Lisa D'Amour is an Obie-award winning playwright, performer, and former Carnival Queen from New Orleans who now resides in Brooklyn, NY. American Theatre Magazine describes D'Amour's theatrical sensibility as "uninhibited, intensely visual and unapologetically ritualistic" which is what drew Gas & Electric Arts to her work. Says D'Amour, "There's something about the ritual of the moment. I insist on dealing in a concrete, tactile way with the magic reality of performer and audience living and breathing in the same room." She has received multiple fellowships and grants including 2005/6 Playwrights' Residency from TCG to write Hide Town which premiered at Infernal Bridegroom Productions (Houston, 2006). Lisa received her M.F.A. in playwriting from UT Austin. She is a core member of the Playwrights' Center, a former resident artist at HERE and a recent alumna of New Dramatists. Her play Anna Bella Eema has been performed to great acclaim in Austin, New York, Minneapolis and most recently in San Francisco by The Crowded Fire Theater Company where it received three 2007 year-end Top Ten Lists, including The San Francisco Chronicle.

Gas & Electric Arts was founded in 2005 by Lisa Jo Epstein and David J. Brown. Our purpose is to lead audiences to experiences that shimmer with theatricality and shiver with social reality. In our work, we are passionately committed to corporeal, visual, vocal and spatial investigation, fusing the richly textured language of risk-taking playwrights with a physically rigorous performance style and compelling stage imagery. Together, we hope they offer a great sense of play which unshackle our imaginations and renew our perceptions of the exquisiteness of being alive and of our mortality, the necessity of empathy and the imperative to live responsibly.

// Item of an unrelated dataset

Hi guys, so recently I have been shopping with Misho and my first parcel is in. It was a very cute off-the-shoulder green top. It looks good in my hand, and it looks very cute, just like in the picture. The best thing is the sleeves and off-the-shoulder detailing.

Through our productions, we are instrumental in introducing Philadelphia to exemplary, nationally-recognized women playwrights who are boldly redefining American theatre. These are playwrights who are in love with the art of theatre as a way to respond to the ever-shifting cultural and political landscapes that comprise our lives. Their plays lead us to unchartered theatrical territories and enable us to make total, fresh theatre whose images and stories linger long after the show is over.

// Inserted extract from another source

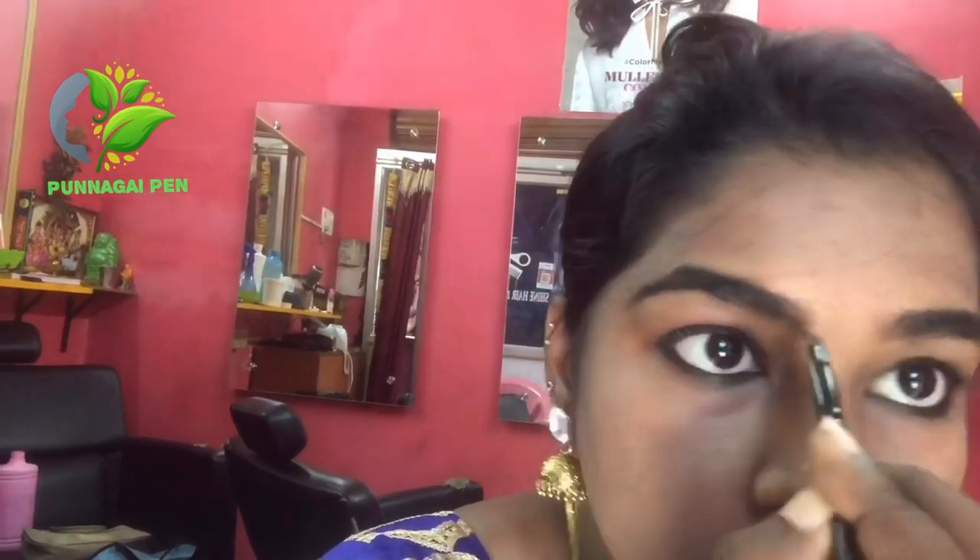If you use this shade you can fill in the front of your brows lightly. This gives a natural finish.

Productions include: Anna Bella Eema by Lisa d'Amour (2005), Voices Underwater by Abi Basch (2006), Quick Silver by Kira Obolensky (2007) and O Yes I Will (I Will Remember the Spirit and Texture of this Conversation) by Deb Margolin (Spring 2008), Cabinet of Wonders (world premiere) by Kira Obolensky (Fall 2009).

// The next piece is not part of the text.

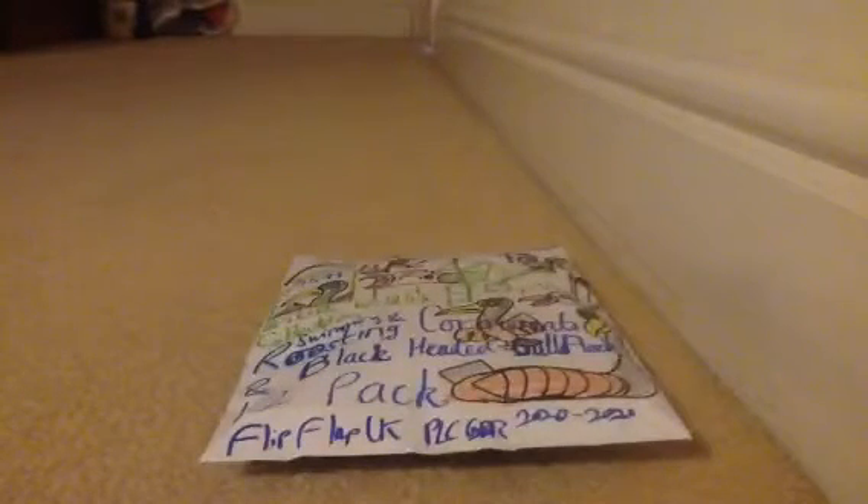The Swimming and Roosting Cormorants and Black-Headed Gull Flock 12-Pack product, selling for £15.99 — well, that's basically £16. Yes, that's basically £16. And guess what?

The Cast of Anna Bella Eema 2008

Elena Bossler | Anna Bella

Elena is a very recent graduate of Temple University's Theatre program where she was last seen as Amalia in "Darker Face of the Earth". Last winter she toured a one-woman show Anatomy Lesson in Northern India with the Alliance Francaise de Delhi courtesy of the Hutton Memorial Award. She is pleased to have worked with the People's Light and Theatre Company, Philadelphia Theatre Company, the Wilma (PYP), Lantern (studio), Hedgerow, and the Philadelphia Young Playwrights.

Kristie J. Lang | Irene

Kristie completed theatre studies at Kalamazoo College, BESG in Cambridge, England and the Moscow Art Theatre. She has performed as an actor/educator for Great Lakes Theater Festival, Magical Theatre Company and the Cleveland Municipal School District. Kristie's Philadelphia credits include: The Blue Room at Allen's Lane directed by Kate Galvin and the 2001 Fringe Festival in The Hidden Twin, an original work created with the Cleveland based group Wishhounds.

Kate DeRosa | Anna Bella Eema

Kate is a graduate of the University of the Arts. She has also studied the Lecoq pedagogy at Naropa University and Balinese dance and shadow puppetry through the Dell'Arte School Abroad Program in Bali. Kate has worked with local companies including McCarter Theatre Center's Educational Touring Company, Mum Puppet Theatre, Enchantment Theatre Company, Theatre Horizon, and Tribe of Fools with which she last performed Echo in the 2007 Philly Fringe.